Три пополудни. Соседи спят
И, верно, слышат во сне
Звонка обезумевшего раскат.
Им снится: это ко мне.
Когда начнут выдирать листы
Из книг и трясти белье,
Они им скажут, что ты есть ты
И все, что мое, – мое.
Ты побелеешь, и я замру.
Как только нас уведут,
Они запрут свою конуру
И поселятся тут.
9. «Луч, ложащийся на дома…»
Луч, ложащийся на дома.
Пыль. Поскок воробья.
Дальше можно сходить с ума.
Дальше буду не я.
Пыль, танцующая в луче.
Клен с последним листом.
Рука, застывшая на плече.
Полная лень. Потом —
Речь, заступившая за черту,
Душная чернота,
Проклятье, найденное во рту
Сброшенного с моста.
10. «Внизу – разрушенный детский сад…»
Внизу – разрушенный детский сад,
Песочница под грибом.
Раскинув руки, лежит солдат
С развороченным лбом.
Рядом – воронка. Вчера над ней
Еще виднелся дымок.
Я сделал больше, чем мог.
Верней, Я прожил дольше, чем мог.
Город пуст, так что воздух чист.
Ты склонилась ко мне.
Три пополудни.

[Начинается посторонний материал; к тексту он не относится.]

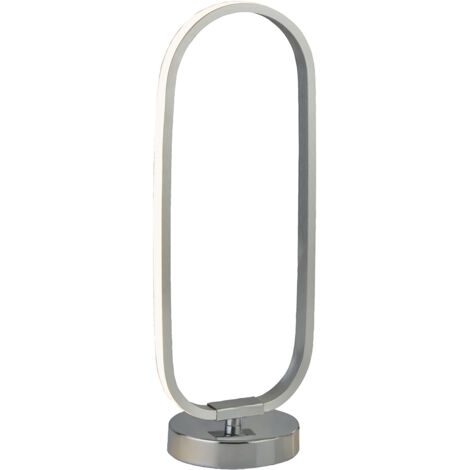 Abatjour Moderno Liner Alluminio Cromo Policarbonato Bianco Led 12W 3000K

Кленовый лист.
Тень его на стене.
«На теневой узор в июне на рассвете…»
На теневой узор в июне на рассвете,
На озаренный двор, где женщины и дети,
На облачную сеть, на лиственную прыть
Лишь те могли смотреть, кому давали жить.
Лишь те, кому Господь отмерил меньшей мерой
Страстей, терзавших плоть, котлов с кипящей серой,
Ночевок под мостом, пробежек под огнем —
Могли писать о том и обо всем ином.
Кто пальцем задевал струну, хотя б воловью,
Кто в жизни срифмовал хотя бы кровь с любовью,
Кто смог хоть миг украсть – еще не до конца
Того прижала пясть верховного творца.
Да что уж там слова! Признаемся в итоге:
Всем равные права на жизнь вручили боги,
Но тысячей помех снабдили, добряки.
Мы те и дети тех, кто выжил вопреки.
Не лучшие, о нет! Прочнейшие, точнее.
Изгибчатый скелет, уступчивая шея —
Иль каменный топор, окованный в металл,
Где пламенный мотор когда-то рокотал.
Среди земных щедрот, в войне дворцов и хижин,
Мы избранный народ – народ, который выжил.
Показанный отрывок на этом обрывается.